In order to identify the impact our curriculum is having on our pupils, we check the extent to which learning has become permanently embedded in children’s long-term memory in addition to looking for excellence in their outcomes. We use four main tools to quality assure the implementation and impact of our curriculum:

  • Learning observations help to evaluate subject knowledge, explanations, expectations, opportunities to learn, pupil responses, participation and relationships.
  • Professional growth models help to improve staff subject knowledge and evidence informed practice such as retrieval and spaced practice, interleaving and explicit instruction techniques.
  • Assessment and achievement articulate the outcomes from tasks and tests, how well the content is understood and what the strengths and limitations are; it informs what to do next.
  • Pupil Book Studies help to evaluate curriculum structures, teaching methods, pupil participation and response through a dialogic model.

When undertaking these we ask the following key questions:

  • How well do pupils remember the content that they have been taught?
  • Do books and pupil discussions radiate excellence?
  • Does learning ‘travel’ with pupils and can they deliberately reuse it in more sophisticated contexts?

Teachers employ a range of strategies both at and after the point of teaching to check the impact of their teaching on the permanence of pupils’ learning.
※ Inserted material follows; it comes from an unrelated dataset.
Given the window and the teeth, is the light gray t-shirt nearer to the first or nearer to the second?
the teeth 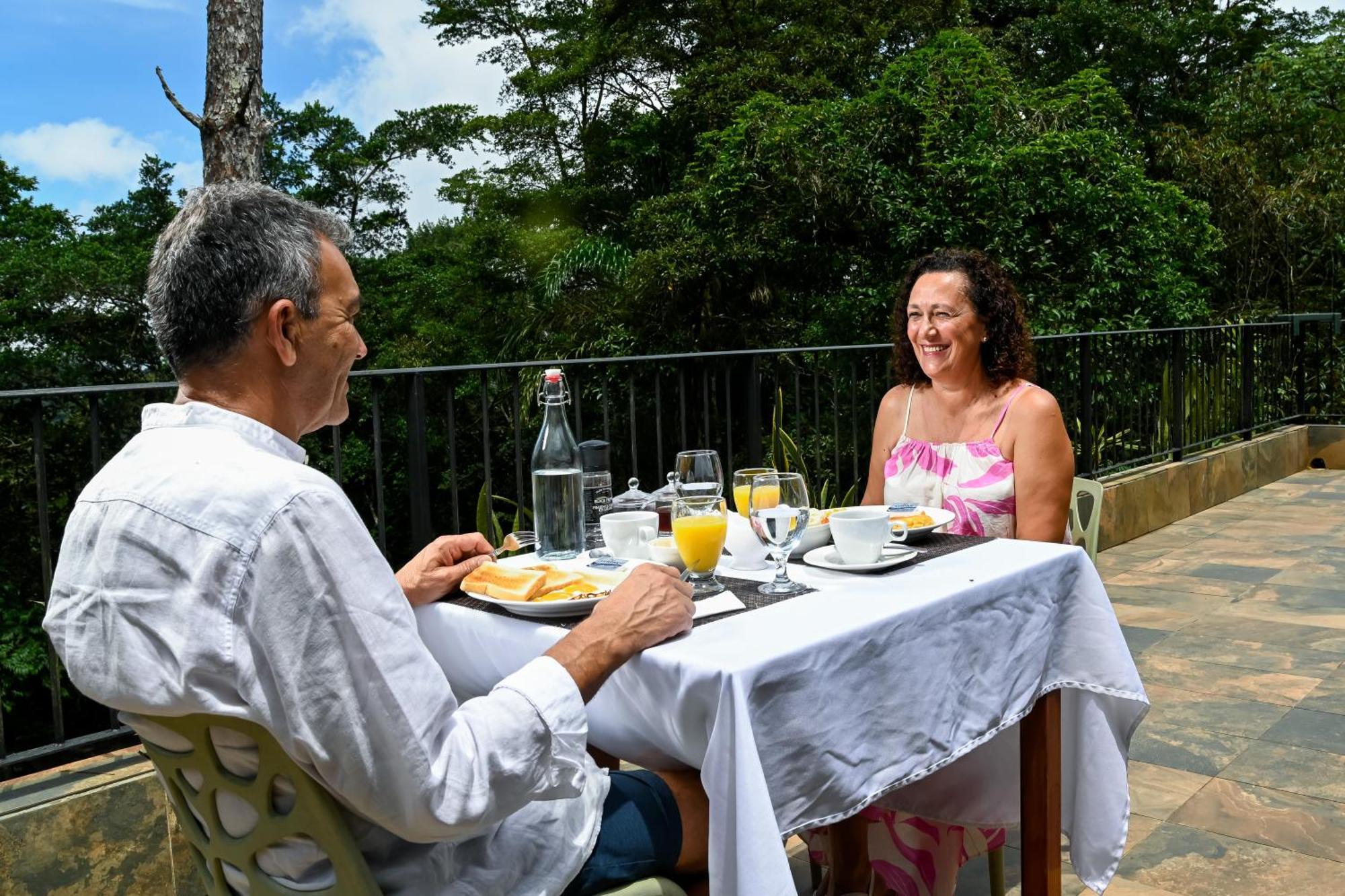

These include: retrieval practice, vocabulary use and application, deliberate practice and rephrasing of taught content, cumulative quizzing within the learning sequence, summarising and explaining the learning question from the sequence, tests and quizzes.  Teachers use information from tasks, tests, pupil book studies and other monitoring to support learning by responding to the gap between where pupils are and where they need to be.  In lessons, they adapt explanations and examples to address misconceptions and provide additional practice or challenge where required.  After lessons or tests, they analyse pupils’ responses to identify shared and individual gaps in learning and misconceptions. Teachers then adjust subsequent planned teaching in response.

We use summative assessment is ‘to provide an accurate shared meaning without becoming the model for every classroom activity’ (Christodolou, 2017). If our curriculum is effective, it will lead to improvements in summative assessments over time. Teacher assessment judgements are against an agreed assessment model (the curriculum). We make summative judgements annually. Teachers record summative judgements on OTrack.

Pupil book study is used as a method to quality assure our curriculum by talking to the children and looking in pupils’ books. We do this after content has been taught to see the extent to which pupils are knowing more, remembering more and able to do more.  In preparation, we review the planned content, knowledge and vocabulary, so that conversations with pupils are meaningful and focused on what has been taught. When looking at books, we look at the content and knowledge, teaching sequence and vocabulary. We also consider pupils’ participation and consider the explanations and models used, the tasks the pupils are asked to do, the ability to answer carefully selected questions and retrieve information and the impact of written feedback.  We ask careful questions that probe their knowledge, understanding and skills.

The Subject Leader undertakes a range of activities to understand what the curriculum looks like across the school and how well pupils know more, remember more and can do more as a result. In addition to the above tools, they use learning walks, planning reviews and book looks.  They use their findings to support teachers to improve how they implement subjects and to make recommendations about the suitability of the intent for their subject.  The Subject Leader formally reports on impact of the curriculum termly to the Curriculum Leader, Principal and Governors.